The traditional Indian culture of hand-weaving helps empower more than a million weaver families. These magnificent creations come to life with every movement of the loom, without the use of any electricity, accounting for the lowest carbon footprint and demonstrating the priceless human value of making things at the same time. Other raw materials like buttons and trims are mostly sourced locally. We are constantly looking for like-minded people and partners to find alternatives.
The Current Landscape
I am very hopeful. With all the various initiatives worldwide, it's clear that the change is in momentum, but fashion is a processes and operation intensive business. There are multiple channels that an idea has to go through, before it becomes a product, and many times these channels are distantly placed. To keep a track of content claims in the sourcing and development stage is the biggest challenge. By the time an idea reaches the product stage it has gone through many operators, and every time there is a possibility of adulteration. Fast-fashion promises business owners and vendors financial prosperity at all costs and this acceptance has blinded many. Sustainability is treated as a buzzword, especially at the operational level, and many times overlooked over urgency and pressure of deadlines. It can be very easily used as a facade to cover the real picture beneath.

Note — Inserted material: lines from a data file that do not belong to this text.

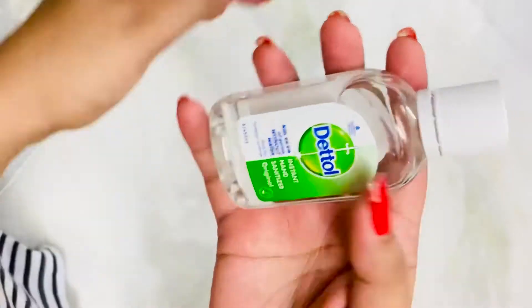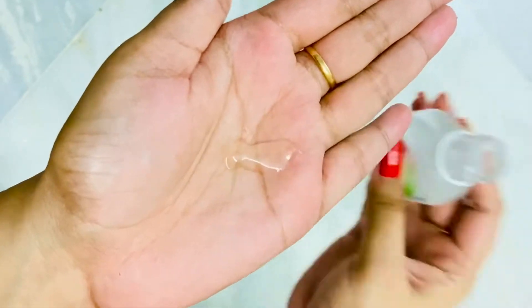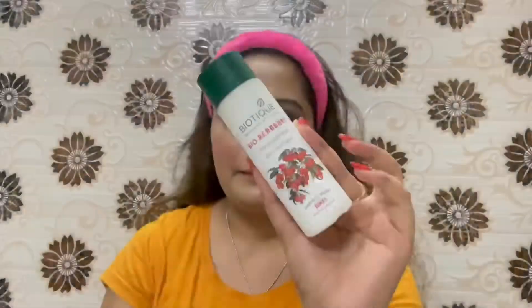Firstly I'm gonna use this Dettol hand sanitizer because you need to keep your hands clean and maintain hygiene before touching your face. Then I'm gonna use Biotic's Bio Burberry milk cleanser — this is a really beautiful cleanser, it will melt down your makeup really beautifully.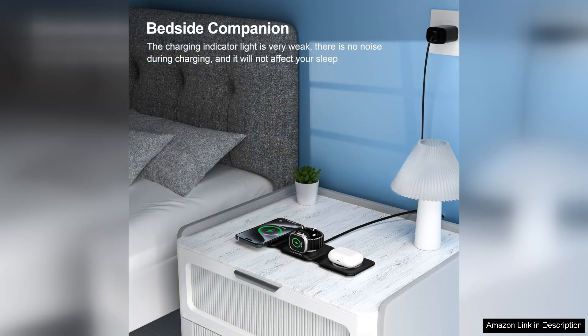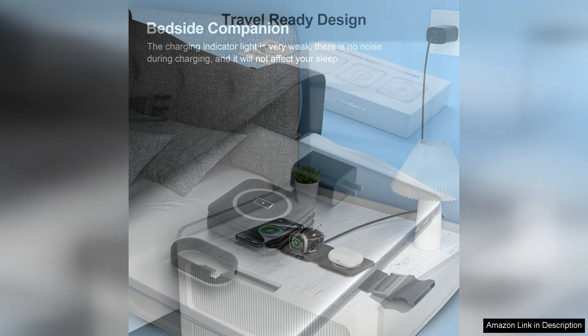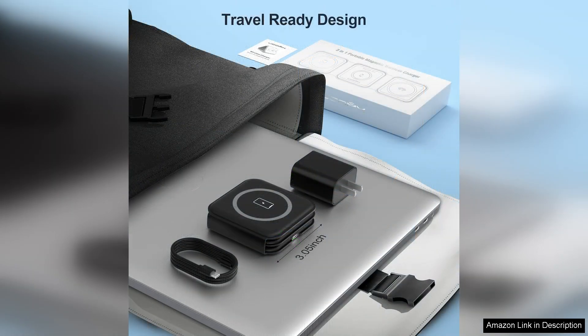The build quality is impressive, with a sturdy yet sleek design that complements any space. The anti-slip base ensures stability while charging, further enhancing its usability. I also appreciate the thoughtful design elements, such as the LED indicator that shows the charging status.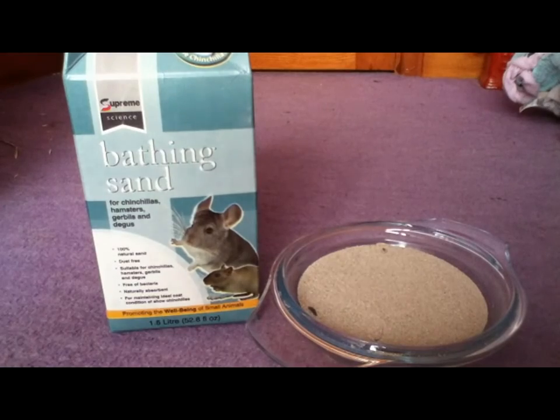First of all, gerbils should never be given a water bath. It's very easy for gerbils to get chills if they are in water, and also you could end up getting water on their face which can be uncomfortable for them. So it's best to avoid giving them a bath unless instructed by your vet, and if your vet instructs you to do so, make sure you do it safely and quickly so you don't stress the gerbil out.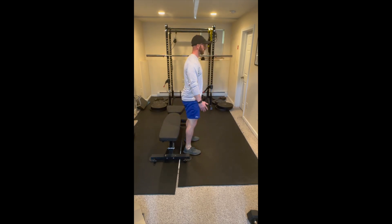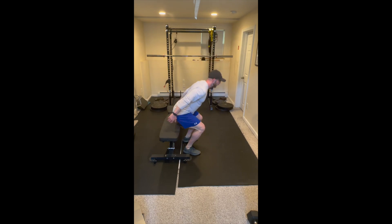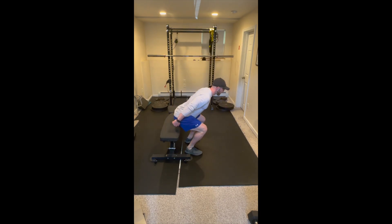Now rapidly change position, bring our arms forward and triple extend at the ankle, knee, and hip. As we land, we want to land with soft knees and tap the bench. Come back up to a standing position and then repeat the process for the prescribed number of repetitions.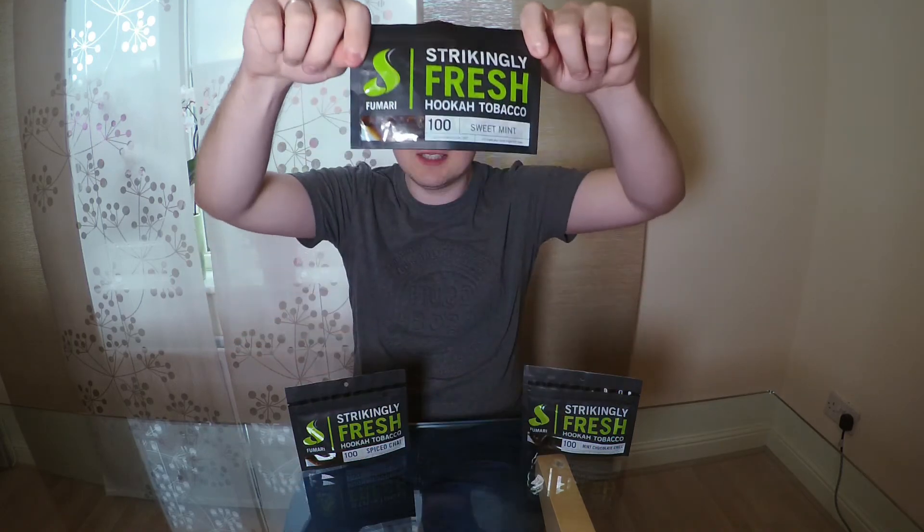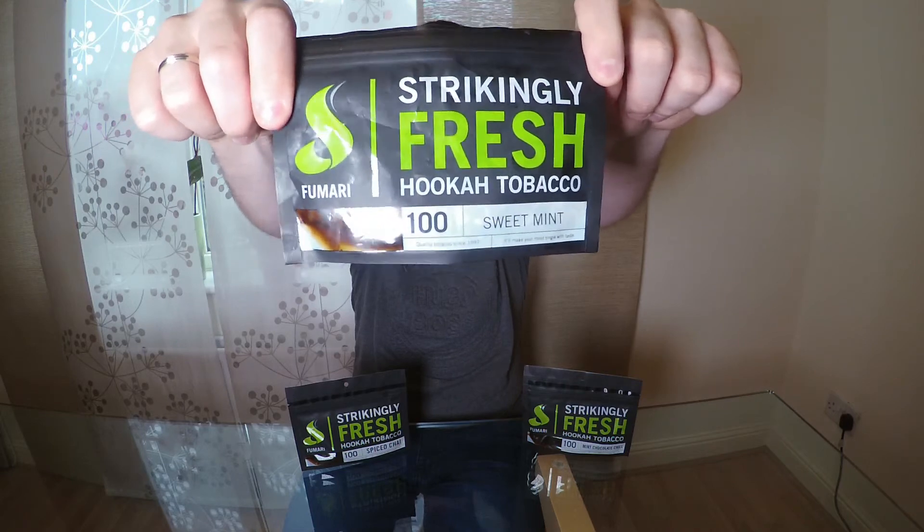I hope that when you smoke and try these flavors from Fumari, you really enjoy them. Thank you very much for watching this video. The next video will be a Sweet Mint smoke session, so I hope we see each other next week. Take care guys, bye!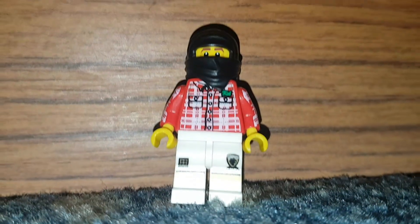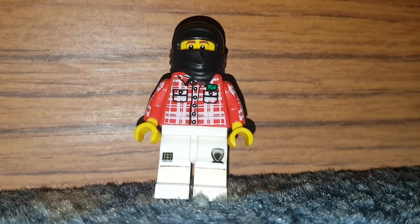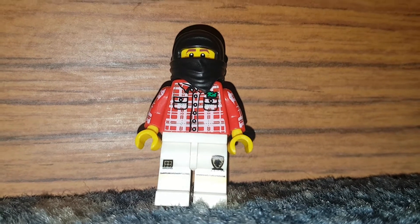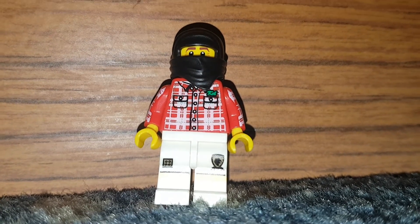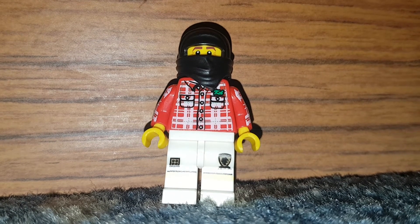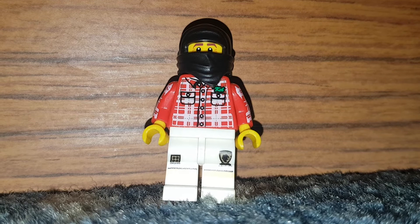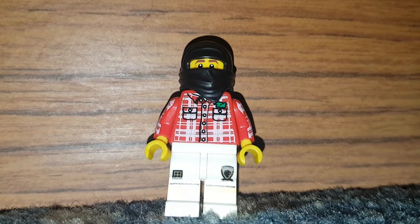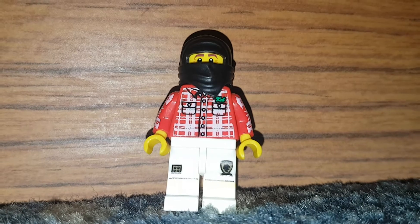Hello and welcome to a new video! Today we are doing a LEGO family video where we have my granddad, who uses the ninja mask in black for his work clothes because he has a balaclava for when he's outside at work — because it's very cold where he works, so he needs to keep his face warm.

The entire fashion cycle begins at the design stage, that is where the reboot button is, as designers are the one deciding on the product range and materials to be sourced. This is a great stage to initiate the change — we as creatives must make thoughtful decisions in the first place, bending down to the popular culture is not creative, it is about the rebellion, it is about finding the solutions. How could someone direct an entire organisation to use modal fabric, knowing it is generally sourced from endangered forests, or how could one use the skin of endangered animals and call it exotic — this is outrageous, and so old-fashioned.
As Gautam Buddha said, ‘change yourself, change the world’ is the way forward. Information is the key — research and development would be the direction. It's one thing to make a product look good, but we must focus on the multi-dimensional aspect as well. Creation needs to be purpose-driven and not just a feed for the already unchecked consumption. Implementation of one's learnings to find the solutions is of utmost importance to me. The solutions are there today, and it's high time that we figure them out. It’s about awareness and responsibility.